═════ Data for this exercise

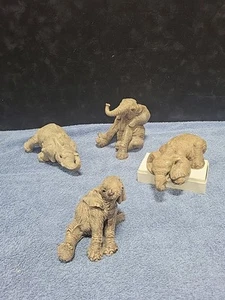 Vintage "The Herd Elephant Collection" by Marty! #3111, 3118, 3112, & 1! - Picture 1 of 17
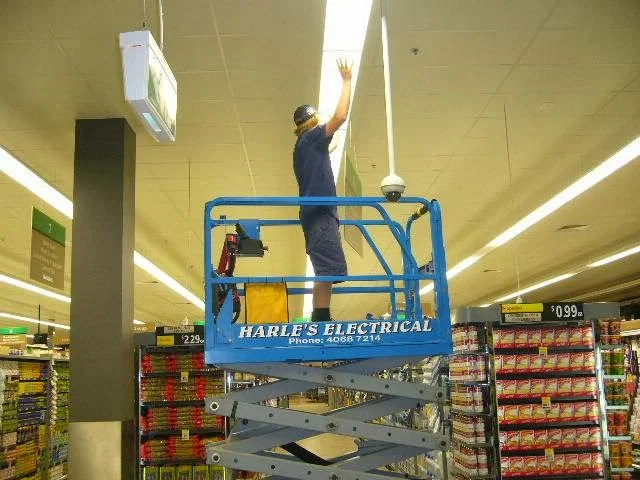 Harle's Electrical cover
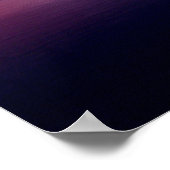 Sunset on Seneca Lake, Ohio Poster (Hoek)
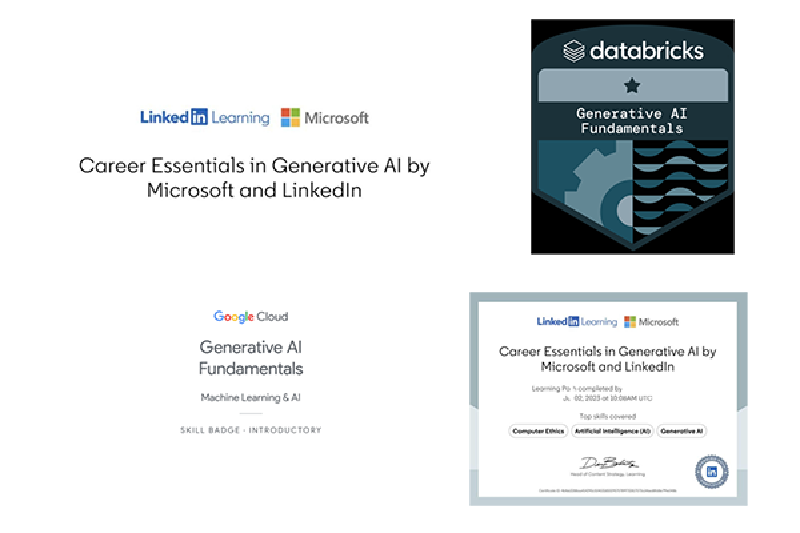 Featured image of post Free Generative AI Badges and certifications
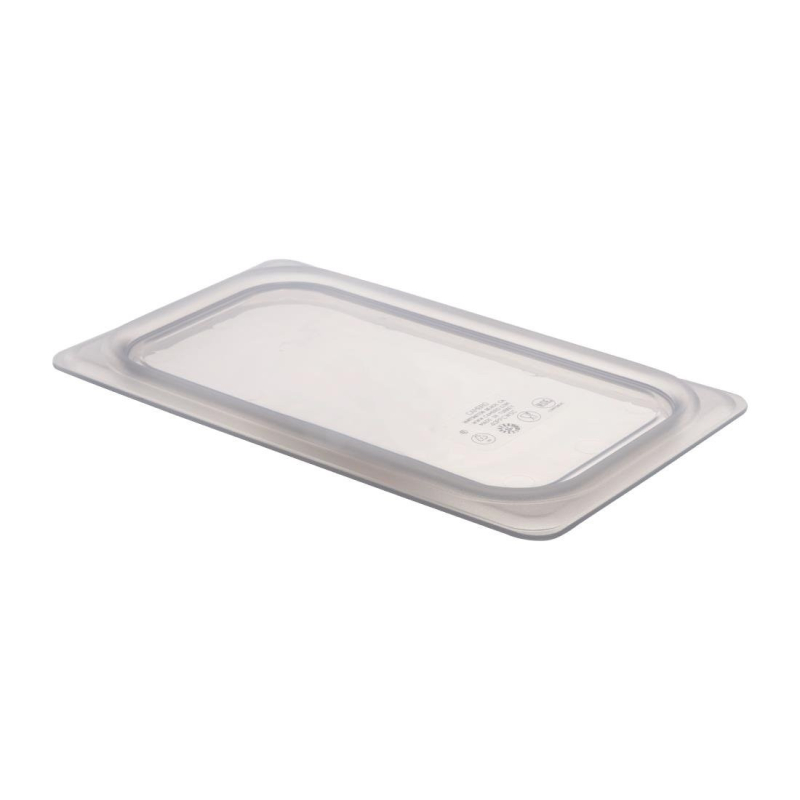 Cambro 1/4 GN hermetisch deksel in polypropyleen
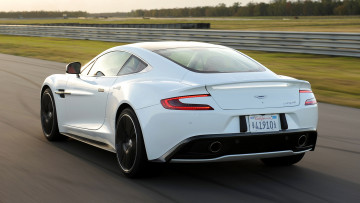 Картинка aston martin vanquish автомобили великобритания элитные ltd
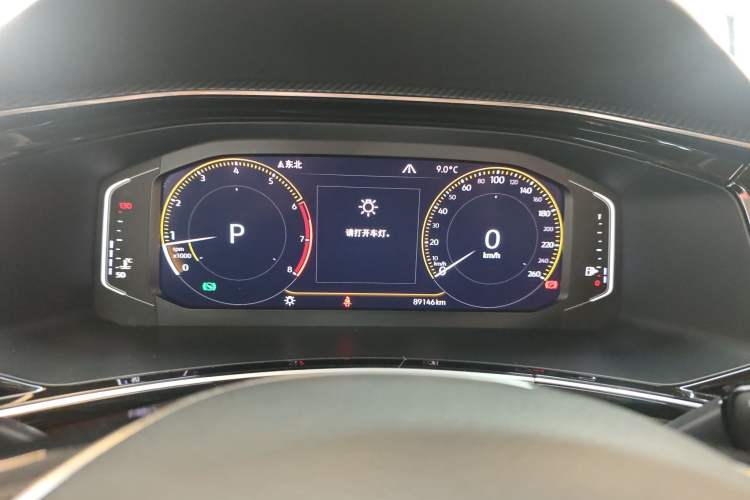 Used Volkswagen Tayron 2019 380TSI Four-Wheel Drive Prestige Model China VI Standard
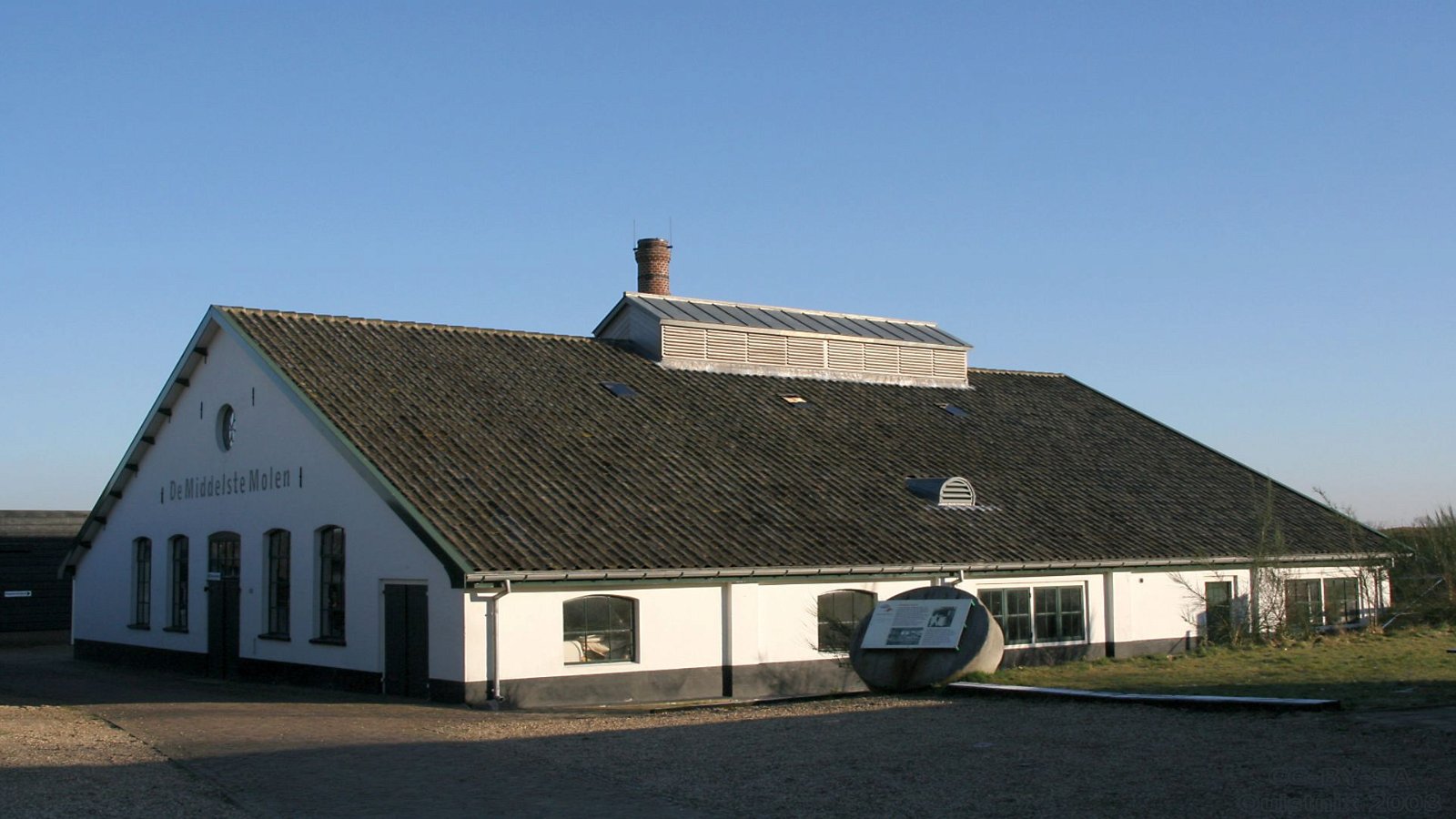Papierfabriek De Middelste Molen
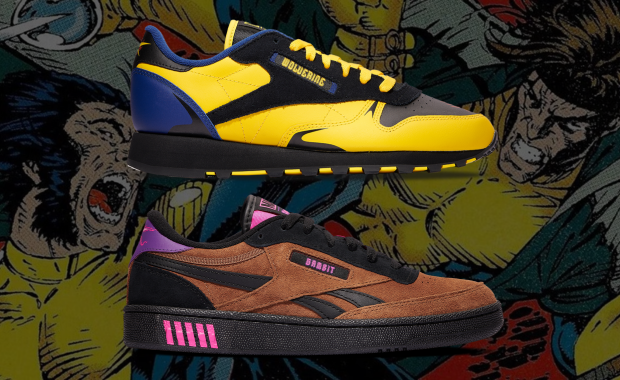 X-Men x Reebok Collection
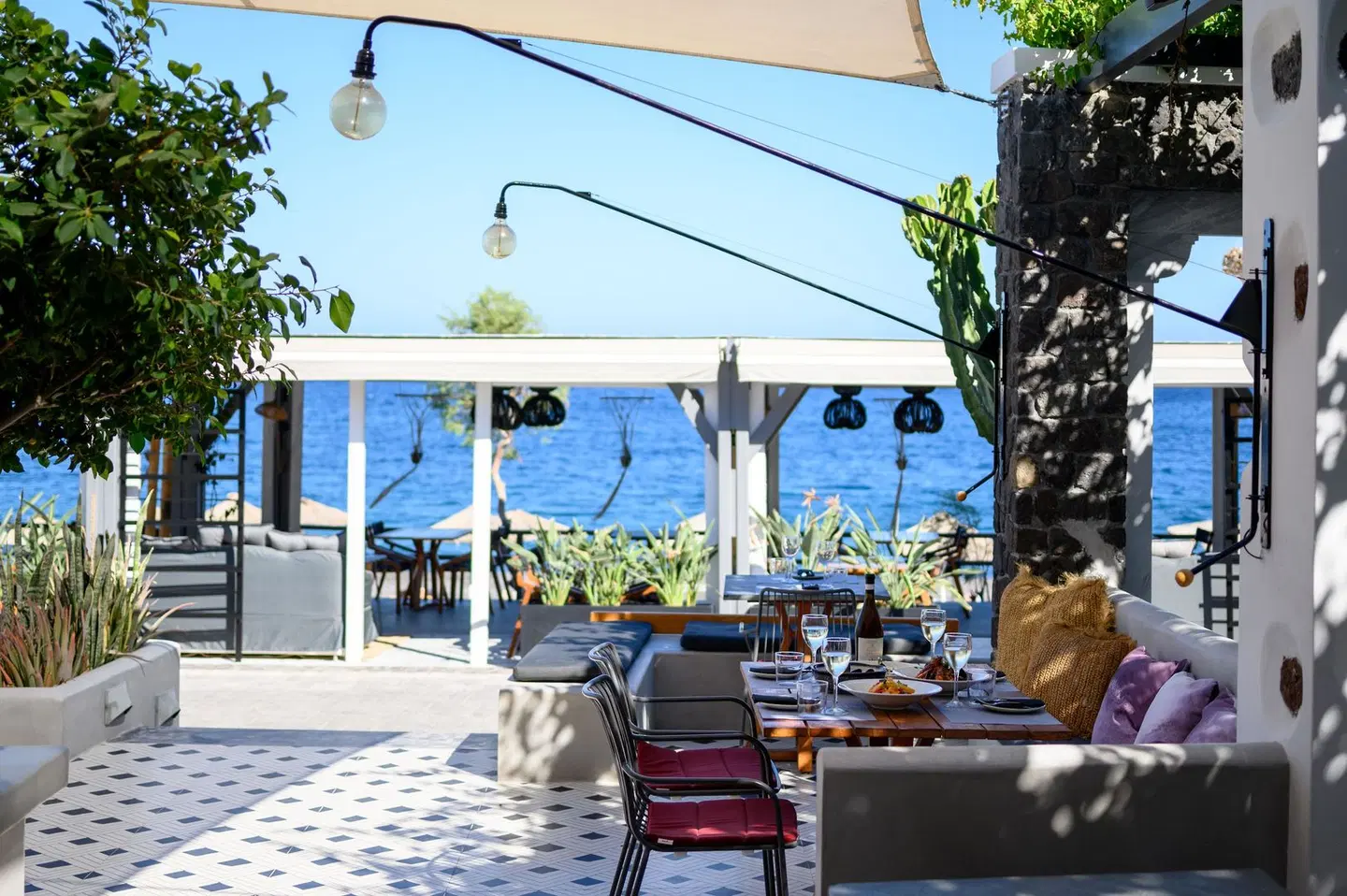 Afroditi Venus Beach Resort TERRACE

══════════

* _Instructions for the task_
Write out each line of the data exactly; the images should be left out.

* _Output_
 Vintage "The Herd Elephant Collection" by Marty! #3111, 3118, 3112, & 1! - Picture 1 of 17
 Harle's Electrical cover
 Sunset on Seneca Lake, Ohio Poster (Hoek)
 Featured image of post Free Generative AI Badges and certifications
 Cambro 1/4 GN hermetisch deksel in polypropyleen
 Картинка aston martin vanquish автомобили великобритания элитные ltd
 Used Volkswagen Tayron 2019 380TSI Four-Wheel Drive Prestige Model China VI Standard
Papierfabriek De Middelste Molen
 X-Men x Reebok Collection
 Afroditi Venus Beach Resort TERRACE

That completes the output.